Now you are asked to create a vector v1, with 6 elements 0, 0.2, 0.4, 0.6, 0.8 and 1.0.
(Hint: use the “c()” operator.)
#Complete the below line
v1=c(0, 0.2, 0.4, 0.6, 0.8, 1.0)
#
print(v1)
## [1] 0.0 0.2 0.4 0.6 0.8 1.0
Use an easy way to create a vector v2, each element of which is twice of that in v1, namely 0 \(\times\) 2, 0.2 \(\times\) 2, 0.4 \(\times\) 2, 0.6 \(\times\) 2, 0.8 \(\times\) 2 and 1.0 \(\times\) 2.
#Complete the below line
v2=v1*2
#
print(v2)
## [1] 0.0 0.4 0.8 1.2 1.6 2.0
Then, you are given two numeric variables a and b
a=2
b=3
You are asked to create a vector v3, the first element of which is a and second is b.
#Complete the below line
v3= c(a, b)
#
print(v3)
## [1] 2 3
Create a vector v4, the first part of which is v3 and second is v2
#Complete the below line
v4= c(v3, v2)
#
Print out v4 to see if its element values are as expected.
print(v4)
## [1] 2.0 3.0 0.0 0.4 0.8 1.2 1.6 2.0
Import US_data.xls into R, using the “import dataset” tool located on the top left side of R studio (See Figure 3).
library(readxl)
US_data <- read_excel('US_data.xls')
## Error: `path` does not exist: 'US_data.xls'
After importing the Excel file, you will see a dataframe named US_data in the variable viewer. Use {summary()} function to examine the dataframe “US_data”.

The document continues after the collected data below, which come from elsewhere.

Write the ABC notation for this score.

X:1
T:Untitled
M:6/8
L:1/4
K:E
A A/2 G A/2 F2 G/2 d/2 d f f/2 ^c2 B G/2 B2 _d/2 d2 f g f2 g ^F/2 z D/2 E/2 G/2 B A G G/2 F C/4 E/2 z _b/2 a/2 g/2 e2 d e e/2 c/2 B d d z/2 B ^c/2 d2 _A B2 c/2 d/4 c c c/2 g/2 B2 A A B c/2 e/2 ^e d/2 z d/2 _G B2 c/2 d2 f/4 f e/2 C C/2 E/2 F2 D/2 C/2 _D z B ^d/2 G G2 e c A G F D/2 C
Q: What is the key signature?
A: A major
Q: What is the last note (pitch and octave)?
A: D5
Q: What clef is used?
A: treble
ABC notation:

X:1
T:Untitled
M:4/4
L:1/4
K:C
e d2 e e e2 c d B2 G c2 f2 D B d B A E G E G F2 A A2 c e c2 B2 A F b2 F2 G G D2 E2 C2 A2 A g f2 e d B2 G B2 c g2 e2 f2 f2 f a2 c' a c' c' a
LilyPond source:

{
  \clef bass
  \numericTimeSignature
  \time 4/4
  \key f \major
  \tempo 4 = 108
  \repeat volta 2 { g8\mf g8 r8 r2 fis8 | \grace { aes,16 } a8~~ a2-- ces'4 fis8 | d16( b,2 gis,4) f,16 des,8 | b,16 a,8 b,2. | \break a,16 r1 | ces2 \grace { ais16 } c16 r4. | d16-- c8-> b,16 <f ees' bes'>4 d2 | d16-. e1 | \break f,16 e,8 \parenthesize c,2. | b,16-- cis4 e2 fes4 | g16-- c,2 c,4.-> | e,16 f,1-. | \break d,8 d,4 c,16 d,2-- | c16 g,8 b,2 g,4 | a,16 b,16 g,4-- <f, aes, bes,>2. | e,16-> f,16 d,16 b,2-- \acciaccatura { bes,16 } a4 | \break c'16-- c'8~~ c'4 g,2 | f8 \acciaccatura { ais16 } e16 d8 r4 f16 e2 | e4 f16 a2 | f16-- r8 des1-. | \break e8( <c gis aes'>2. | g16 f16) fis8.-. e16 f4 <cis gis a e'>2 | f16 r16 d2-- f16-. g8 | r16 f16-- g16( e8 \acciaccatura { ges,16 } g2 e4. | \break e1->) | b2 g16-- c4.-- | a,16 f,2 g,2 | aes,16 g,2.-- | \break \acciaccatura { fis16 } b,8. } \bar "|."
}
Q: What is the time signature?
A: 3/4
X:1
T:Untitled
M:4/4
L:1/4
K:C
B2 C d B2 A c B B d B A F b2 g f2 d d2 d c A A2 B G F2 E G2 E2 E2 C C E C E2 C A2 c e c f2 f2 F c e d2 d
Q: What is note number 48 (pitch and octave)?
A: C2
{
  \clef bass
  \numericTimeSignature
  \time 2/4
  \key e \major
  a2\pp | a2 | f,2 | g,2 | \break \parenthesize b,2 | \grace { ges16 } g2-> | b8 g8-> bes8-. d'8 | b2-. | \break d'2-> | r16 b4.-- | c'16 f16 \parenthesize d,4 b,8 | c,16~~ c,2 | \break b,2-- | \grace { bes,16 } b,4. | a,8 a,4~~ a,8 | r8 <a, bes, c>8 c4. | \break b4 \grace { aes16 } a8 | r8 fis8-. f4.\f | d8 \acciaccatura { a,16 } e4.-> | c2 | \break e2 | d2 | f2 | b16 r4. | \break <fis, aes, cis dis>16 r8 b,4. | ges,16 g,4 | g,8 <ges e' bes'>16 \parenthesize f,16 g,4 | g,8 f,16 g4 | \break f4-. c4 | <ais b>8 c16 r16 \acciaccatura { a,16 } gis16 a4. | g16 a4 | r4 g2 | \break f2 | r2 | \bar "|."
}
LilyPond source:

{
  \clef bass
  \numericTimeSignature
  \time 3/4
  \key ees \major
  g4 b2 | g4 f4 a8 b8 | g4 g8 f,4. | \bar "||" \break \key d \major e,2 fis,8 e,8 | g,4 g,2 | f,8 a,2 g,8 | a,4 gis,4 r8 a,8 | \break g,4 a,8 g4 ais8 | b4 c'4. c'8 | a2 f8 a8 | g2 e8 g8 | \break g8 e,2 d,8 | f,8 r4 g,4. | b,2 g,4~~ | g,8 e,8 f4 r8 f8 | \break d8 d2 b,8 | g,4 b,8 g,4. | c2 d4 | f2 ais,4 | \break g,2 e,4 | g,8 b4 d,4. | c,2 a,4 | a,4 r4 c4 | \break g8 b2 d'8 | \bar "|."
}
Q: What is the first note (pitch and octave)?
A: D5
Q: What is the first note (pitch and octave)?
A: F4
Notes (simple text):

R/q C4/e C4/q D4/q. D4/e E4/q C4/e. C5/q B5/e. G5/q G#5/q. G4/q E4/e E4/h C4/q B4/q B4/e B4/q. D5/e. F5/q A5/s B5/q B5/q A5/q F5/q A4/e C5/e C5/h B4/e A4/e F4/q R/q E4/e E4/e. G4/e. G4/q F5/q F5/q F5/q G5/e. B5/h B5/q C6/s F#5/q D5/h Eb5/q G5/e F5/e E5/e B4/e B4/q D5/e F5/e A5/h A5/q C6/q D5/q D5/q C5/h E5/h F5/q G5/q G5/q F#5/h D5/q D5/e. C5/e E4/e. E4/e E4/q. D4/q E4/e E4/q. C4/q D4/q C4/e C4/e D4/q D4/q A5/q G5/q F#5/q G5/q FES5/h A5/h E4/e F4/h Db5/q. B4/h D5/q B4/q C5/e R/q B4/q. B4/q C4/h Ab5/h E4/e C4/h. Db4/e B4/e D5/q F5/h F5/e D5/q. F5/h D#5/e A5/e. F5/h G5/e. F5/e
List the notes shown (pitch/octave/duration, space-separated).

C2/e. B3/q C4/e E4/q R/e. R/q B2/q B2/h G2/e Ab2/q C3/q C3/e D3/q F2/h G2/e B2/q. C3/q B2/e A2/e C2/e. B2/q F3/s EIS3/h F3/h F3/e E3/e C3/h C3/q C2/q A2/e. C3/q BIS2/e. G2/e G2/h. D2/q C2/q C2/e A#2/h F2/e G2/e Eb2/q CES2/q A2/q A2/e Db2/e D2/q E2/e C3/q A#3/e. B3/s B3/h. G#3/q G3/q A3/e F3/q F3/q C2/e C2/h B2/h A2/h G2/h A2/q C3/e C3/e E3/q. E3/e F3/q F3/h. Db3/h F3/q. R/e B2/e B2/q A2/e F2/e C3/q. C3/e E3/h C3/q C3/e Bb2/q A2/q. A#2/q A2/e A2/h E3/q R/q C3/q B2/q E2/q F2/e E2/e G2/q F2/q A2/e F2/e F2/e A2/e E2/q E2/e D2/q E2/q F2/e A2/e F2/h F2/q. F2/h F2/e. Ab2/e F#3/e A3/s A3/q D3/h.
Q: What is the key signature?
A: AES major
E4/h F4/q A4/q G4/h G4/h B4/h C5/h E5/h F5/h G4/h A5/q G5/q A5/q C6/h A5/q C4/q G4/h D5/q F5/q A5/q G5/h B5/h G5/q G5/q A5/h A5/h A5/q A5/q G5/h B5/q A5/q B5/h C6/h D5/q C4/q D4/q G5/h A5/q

#Type you code in the blank
summary(US_data)
## Error in summary(US_data): object 'US_data' not found
#
Answer questions :
{1. How many rows and columns are there in this dataframe? What are the column names?} Type your answer here: there are 53 rows and 6 column. Column Names are ‘State’, ‘Average_Income’, ‘High_School_graduate’, ‘Bachelor_degree’, ‘Advanced_degree’, ‘Population’
{2. What are the data types of Average_Income and Population, respectively?} Type your answer here: it is a ‘chr’ and ‘num’
{3. What is the median of the population for all the states?} Type your answer here: 4,298,483
‘$’ operator can be used to extract certain column of a data frame, for instance,
US_data$High_school_graduate
## Error in eval(expr, envir, enclos): object 'US_data' not found
This command extracts only the “High_school_graduate” column of the “US_data”. It is equivalent to,
US_data['High_school_graduate']
## Error in eval(expr, envir, enclos): object 'US_data' not found
Since the ‘High_school_graduate’ column is the third column of the dataframe, it is also equivalent to ,
US_data[3]
## Error in eval(expr, envir, enclos): object 'US_data' not found
Now we can do some basic analysis on the ‘High_school_graduate’ data, for instance, getting the mean of it.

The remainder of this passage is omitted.